While the Mississippi legislature has granted the employer and insurer the substantive right to intervene in the employee’s suit, its courts have held that they are not required to do so. American Creosote Works of Louisiana v. Harp, 215 Miss. 5, 60 So.2d 514, 35 A.L.R.2d 603 (1952). In event of recovery, the insurer receives whatever sum it has paid or is obligated to pay as benefits to the employee, after court costs and attorney’s fees are deducted. The employee receives any amount left after the costs of collection have been paid and the carrier has been reimbursed. Tadlock v. United States Fidelity & Guaranty Company, Intervenor, 219 So. 2d 143 (Miss.1969) ; Richardson v. United States Fidelity & Guaranty Company, 233 Miss. 375, 102 So.2d 368 (1958).

Whatever may be the state substantive rule, however, the procedural aspects of the case are governed by the Federal Rules of Civil Procedure. Erie Railroad Company v. Tompkins, 304 U.S. 64, 58 S.Ct. 817, 82 L.Ed. 1188 (1938).
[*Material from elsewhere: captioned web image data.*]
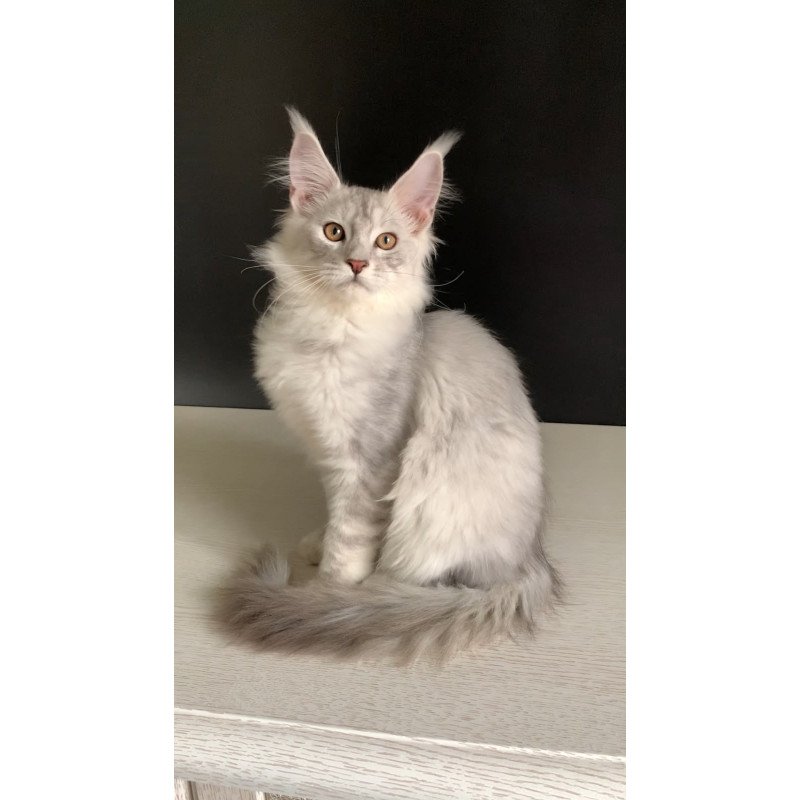 Maine Coon NOV Oscar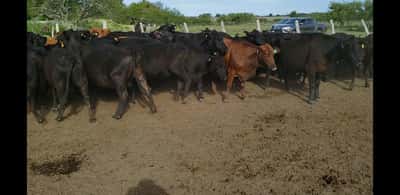 Lote 33 Vacas en Villaguay, Entre Ríos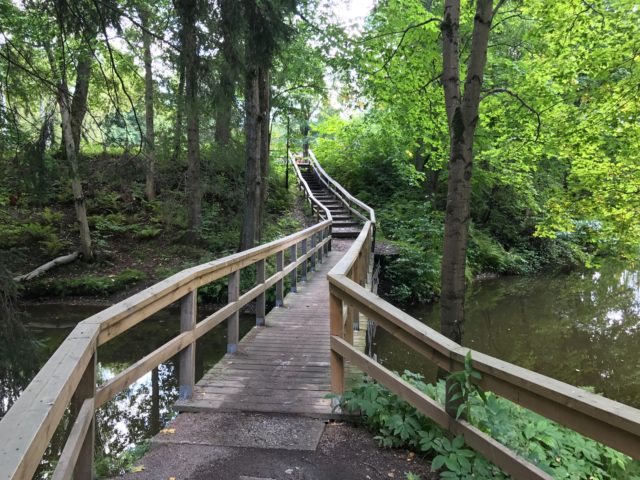 Wooden Bridge Over Forest Creek
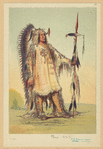 Image ID 807246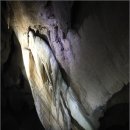 [평창여행] 원시생태의 동굴탐사를 떠나자, 백룡동굴 - 천연기념물 제260호 이미지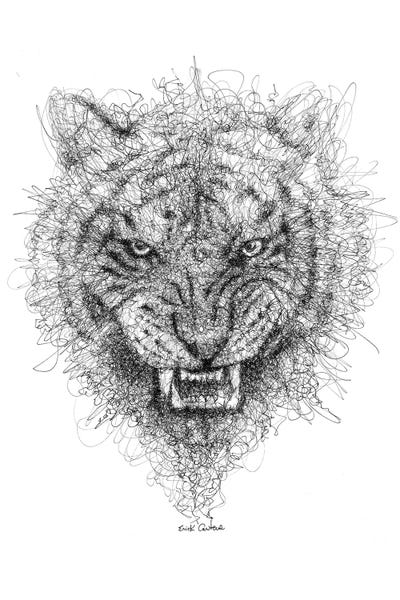 Tiger Look by Erick Centeno canvas print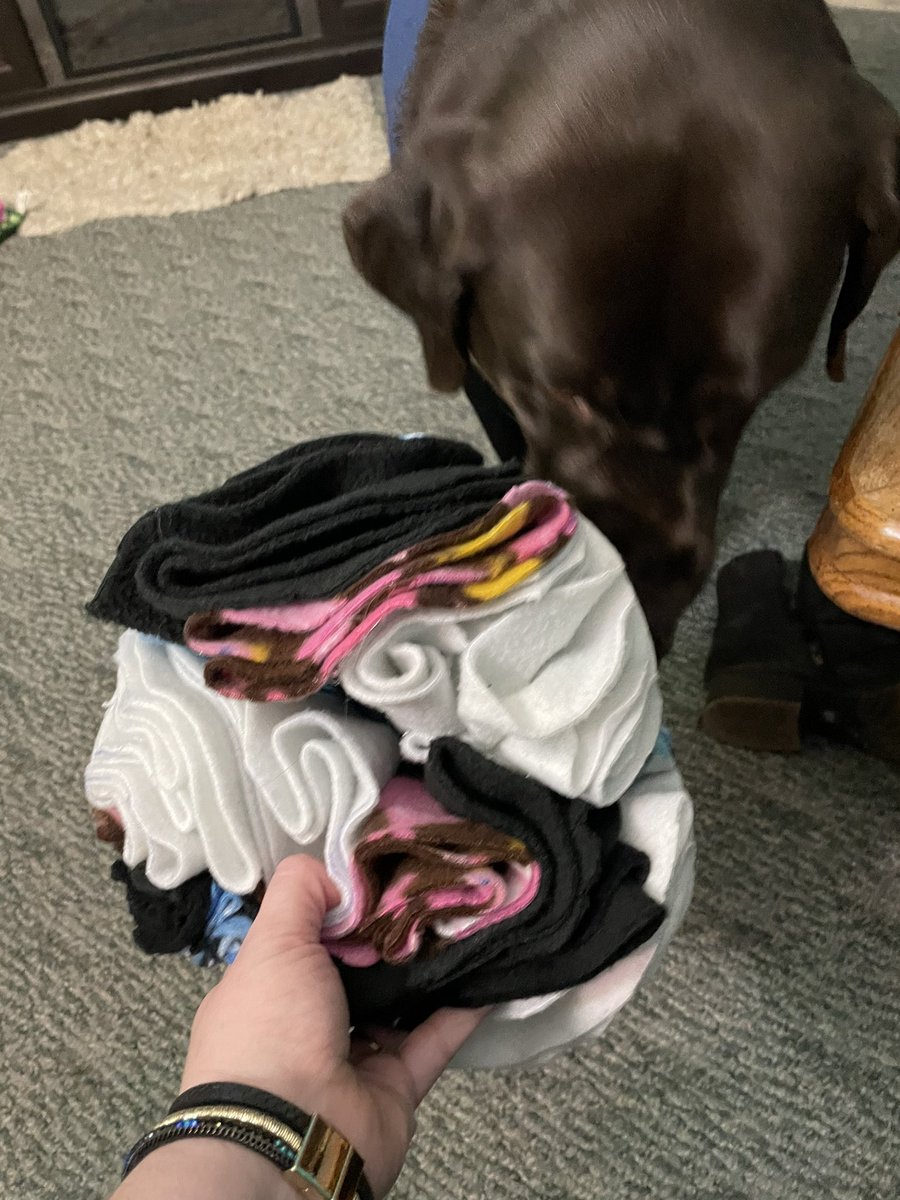 mochaladocha's tweet photo. OMD! Mom and Grandmaw took fleece scraps and made me this giant new #snuffleball! #snuffletime #diy https://t.co/BcjQy9wNsq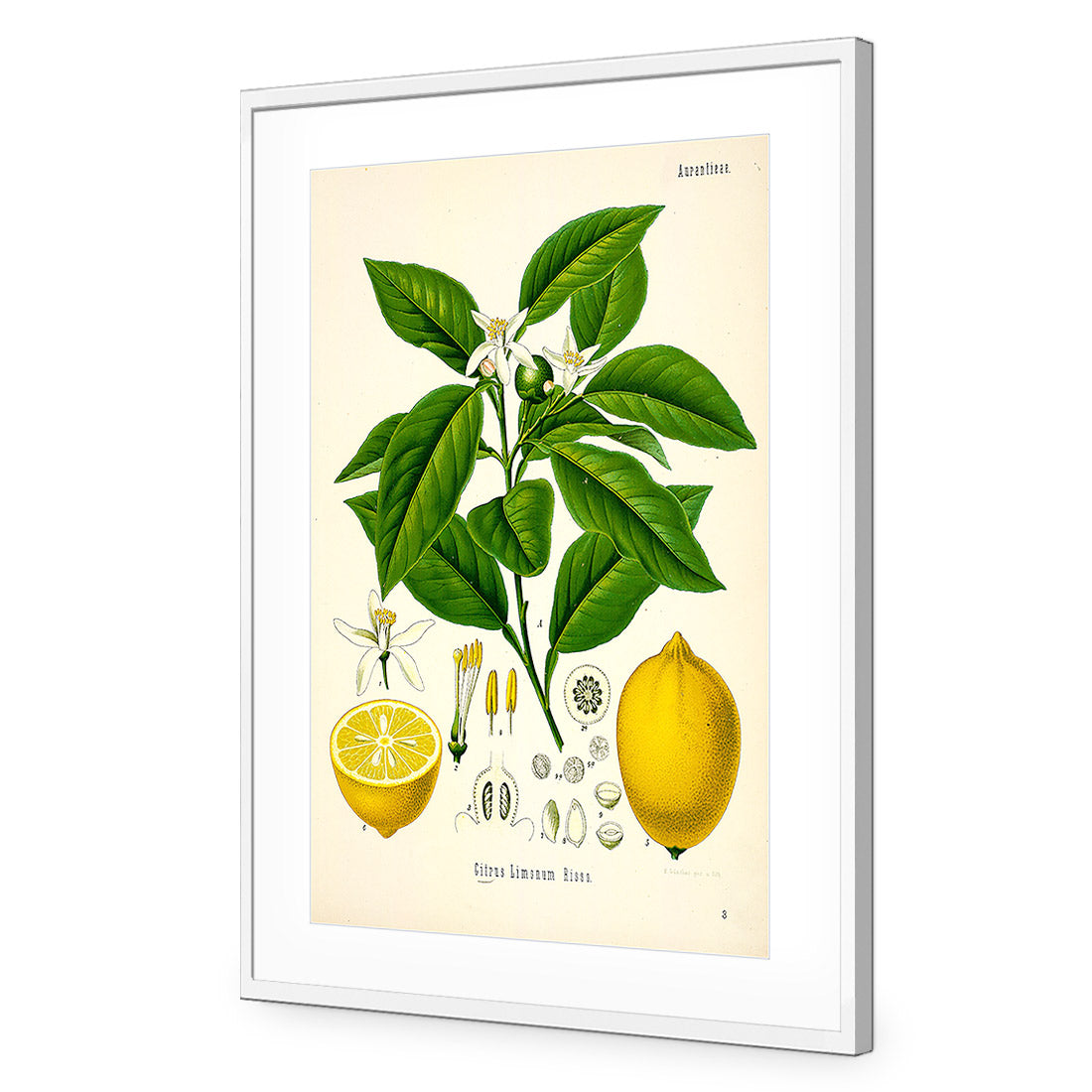 Lemon Botanical Illustration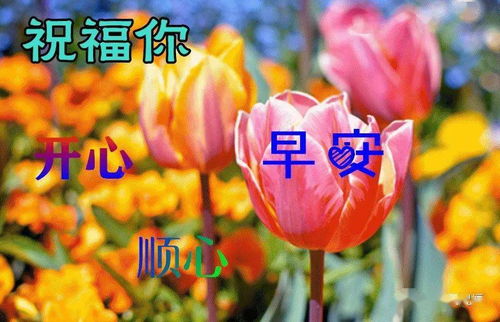 9月15日最漂亮早上好动态表情图片大全,早上好动图美图大全
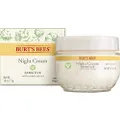Burt's Bees Sensitive Solutions Calming Night Cream,1.8 Oz (package May Vary), 1.8 ounces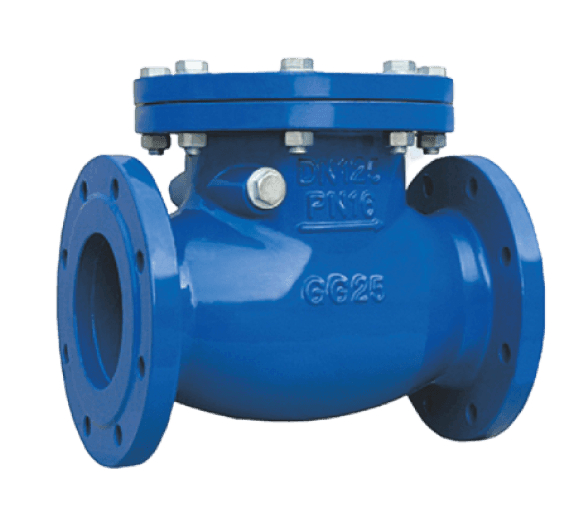 Check Valves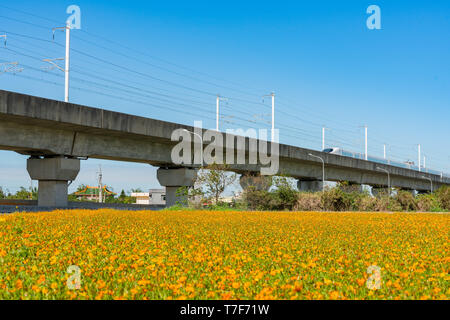 Wild flower bloom with Taiwan Highspeed Rail behind at Yang Mei, Taiwan Stock Photo
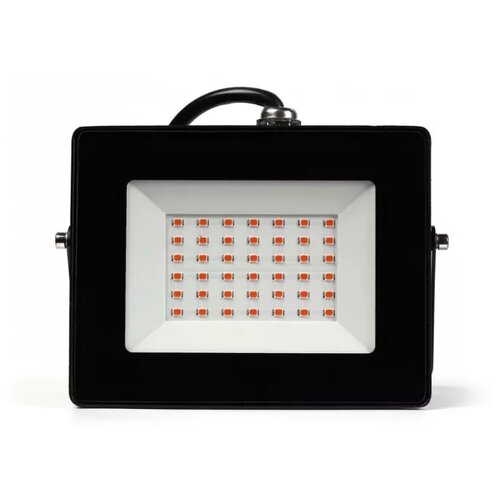 ������ ������ SmartBuy ���������� ��� �������� SBL-FLFITO-30-65K, ������ ����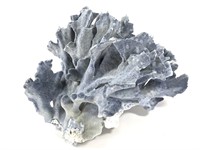 Blue Coral Specimen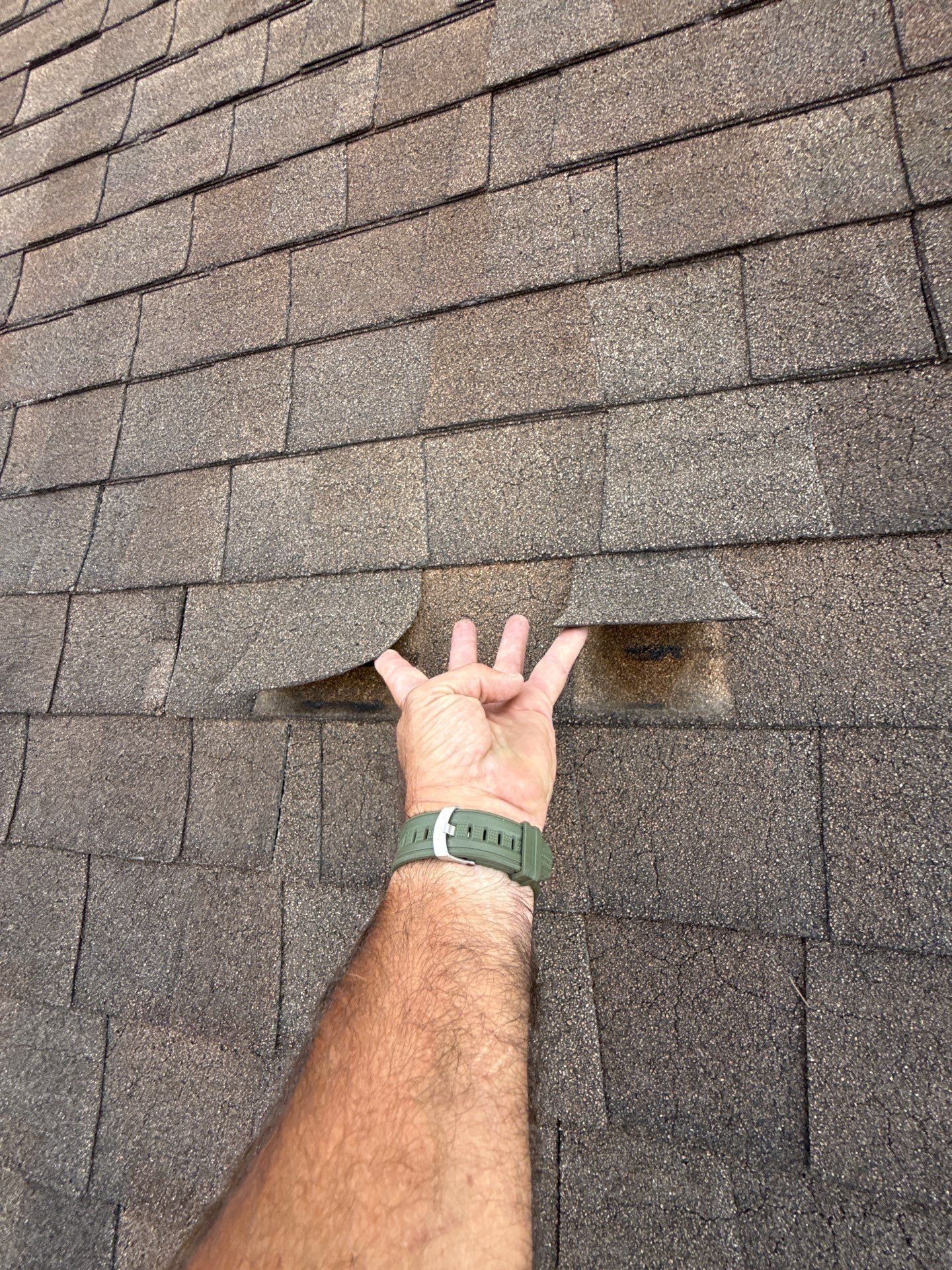 Brittle Shingle, lifted shingles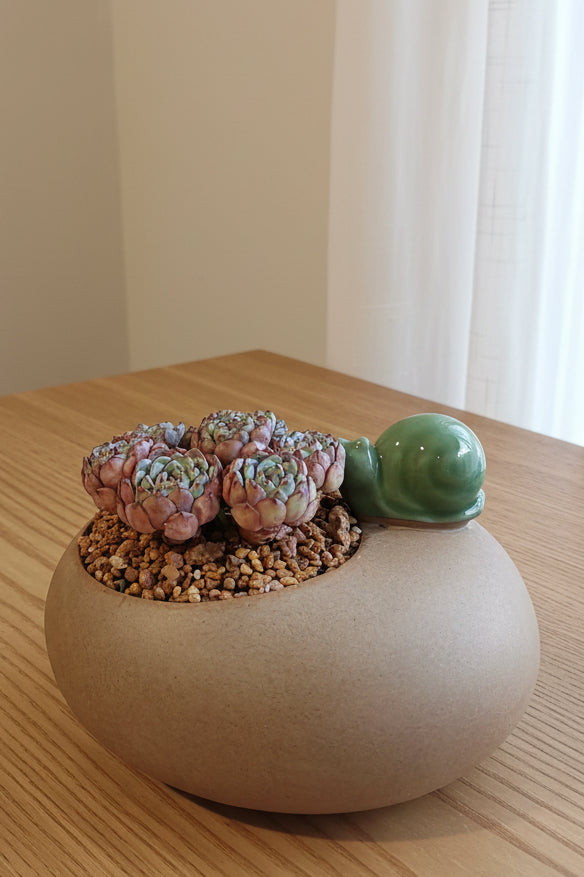 Succulent Snail Planter – Echeveria Minima (7-Headed Cluster) - SlowBloomGreens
It is clear enough indeed that the insurer and employer in cases such as this are “real parties in interest” within *394the meaning of Rule 17(a), United States v. Aetna Casualty and Surety Co., 338 U.S. 366, 70 S.Ct. 207, 94 L.Ed. 171 (1949); Cross v. Harrington, supra; however, Rule 17 does not require their joinder if the plaintiff-employee can be considered to bring suit as a “trustee of an express trust” within the meaning of that Rule. See, e. g., Jenkins v. Westinghouse Elec. Co., 18 F.R.D. 267 (W.D. Mo.1955); King v. Cairo Elks Home Association, et al., 145 F.Supp. 681 (E.D. Ill.1956). We think that construction was foreclosed by United States v. Aetna Casualty & Surety Co., supra, and Sunray Oil Corporation v. Allbritton, 187 F.2d 475 (5 Cir. 1951).2

Accordingly, an order will issue requiring the joinder of Seminole Manufacturing Company and Zurich Insurance Company as parties plaintiff.

. Rule 17 (a), F.R.Civ.P., provides, in pertinent part, as follows:

. In Sunray Oil Corporation, the insurance carrier, instead of joining in the plaintiff-employee’s suit, sought to recoup compensation paid to him by agreeing with him that, if he would bring suit, he could recover and hold for it, all sums it was entitled to recover against the defendant by virtue of its subrogation rights under Texas law. In holding that the employee could not hold as trustee, the court stated at 477:

“Appellee [the employee] * * * prayed that he recover and hold such sums as trustee, but this he could not do. He was not the trustee of an express trust in the sense of Rule 17(a), which provides that every action shall be brought in the name of the real party in interest but that the trustee of an express trust may sue in his own name without joining with him the party for whose benefit the action is brought.”